1. 18
  1. 7

    I prefer LMDB’s approach (described in this 2012 paper.) I am not an expert on this stuff, although I’ve been building my own B-tree storage manager for a few weeks, so I’m learning rapidly. Durability is hard!

    TL;DR: SQLite either updates the file in place but saves copies of the overwritten pages for rollback, or writes to a temporary log file and periodically flushes it by doing the above. LMDB treats pages as copy-on-write, although once a page has been copied once it can then be overwritten while in the same transaction. It does some very clever free-page management to provide MVCC.

    In practice LMDB is a lot faster than SQLite. There was a proof-of-concept project that replaced SQLite’s b-tree engine with LMDB and sped it up a lot, but sadly it was an old version and wasn’t kept up to date.

    1. 8

      In practice LMDB is a lot faster than SQLite.
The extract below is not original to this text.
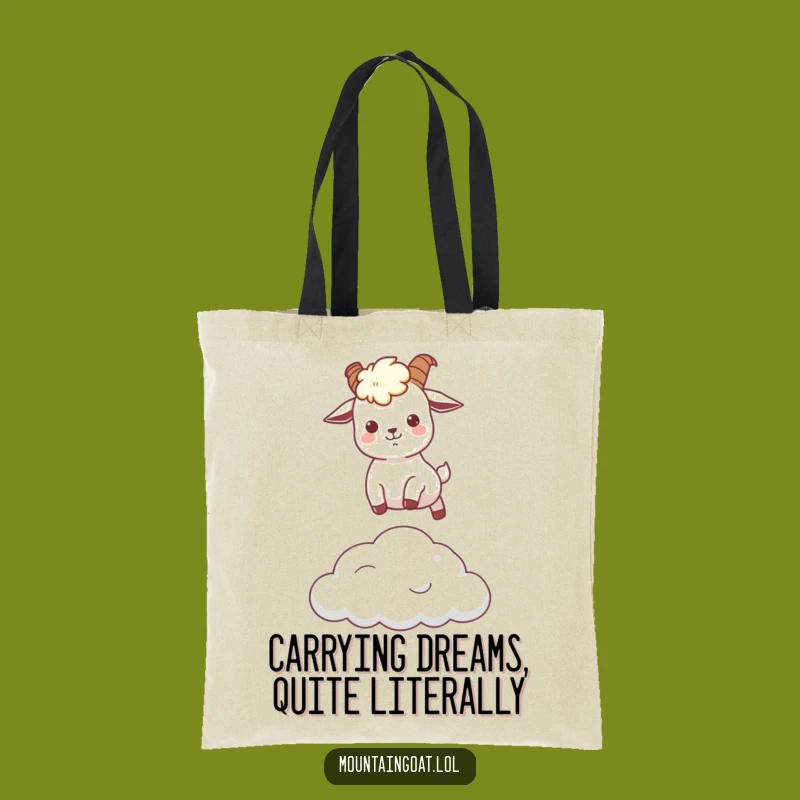 Funny Kawaii Mountain Goat Cloud Leap Tote Bag - Practical Humorous Gift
      I feel like this needs some qualifications. There are many dimensions to performance (read vs. write, physical media like SSD, NVMe, etc.), and also hard tradeoffs that different projects reconcile in different ways (durability vs. performance).
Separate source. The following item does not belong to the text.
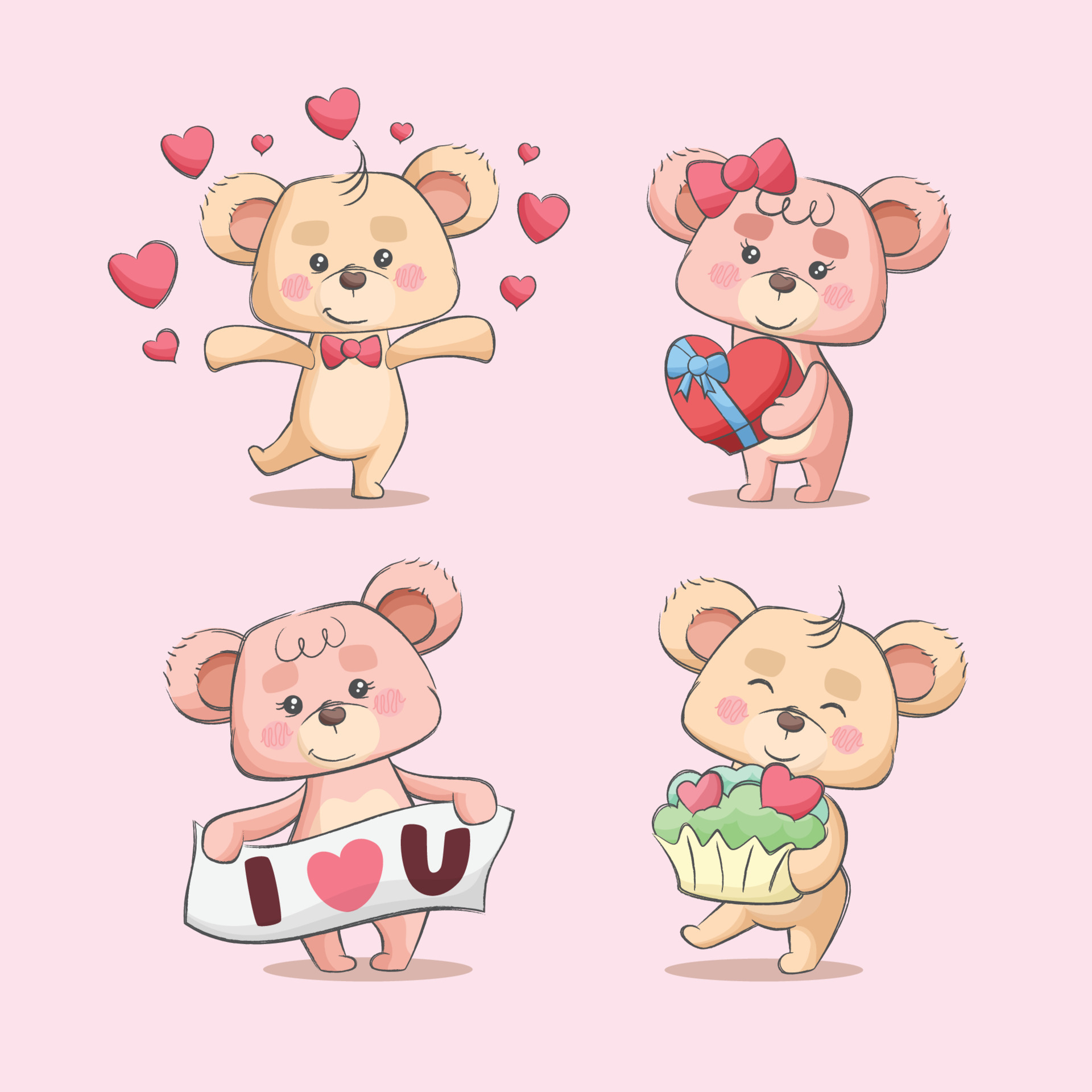 Valentine teddy bear love couple cartoon cute characters hand drawn illustration set 13319007 Vector Art at Vecteezy Valentine teddy bear love couple cartoon cute characters hand drawn illustration set 13319007 Vector Art at Vecteezy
      I’m not an expert either but these comments give more color on the subtleties:

      https://news.ycombinator.com/item?id=18413743

      Some people say LMDB loses ACID semantics to be fast in certain situations; some people say RockDB (LevelDB fork) is massively faster, etc.
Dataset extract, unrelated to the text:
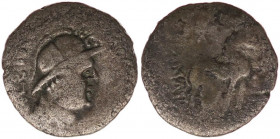 YUEH-CHI. Sapadbizes. Late 1st century BC. AR Hemidrachm (15mm, 1.1 g, 12h). Draped bust right, wearking Baktrian-style helmet / Lion standing right; ...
      It’s very easy to make a proof of concept that’s faster (namely because it doesn’t have to work all the time, and because you probably don’t know if it doesn’t work all the time!).

      1. 1

        I think you’re referring to this comment about ACID:

        • LMDB by default provides full ACID semantics, which means that after every key-value write committed, it needs to sync to disk. Apparently if this happens tens of times per second, your system performance will suffer.
        • LMDB provides a super-fast asynchronous mode (MDB_NOSYNC), and this is the one most often benchmarked. Writes are super-fast with this. But a little known fact is that you lose all of ACID[…]

        Yes, just like SQLite, commits are expensive because they provide durability. But the performance of commits (the full disk flush) isn’t nearly as bad with SSDs. If you find it a problem, you can leave a transaction open and just commit-and-reopen periodically; at worst you’ll lose changes in the latest transaction.

        You might also check out libMDBX, a fork of LMDB with a lot of optimizations and improvements. I was working with it last year, because development of LMDB itself seems to have stopped or stalled since 2015.

      2. 6

        The LumoSQL project has benchmarks for most SQLite variants. Apparently the SQLite LSM tree has improved a lot and is now competitive with the LMDB backend.

        1. 2

          The SQLite LSM tree is in limbo, last I heard. It was part of a “SQLite 4 prototype that was abandoned in 2014. It’s not used in SQLite 3, unless there was a recent announcement I’ve missed.

          1. 4

            It was ported as an SQLite 3 extension in 2017, discussed here. There’s a short 2020 mailing list thread on it that suggests it’s still maintained, but not under active development due to little user interest so far.

            1. 2

              Yeah right, I actually meant to say the default KV store.

              By January 2020 the LumoSQL project concluded: Howard’s 2013 performance work is reproducible SQLite’s key-value store improved in performance since 2013, getting close to parity with LMDB by some measures

          2. 2

            Thank you for the link to the LMDB paper!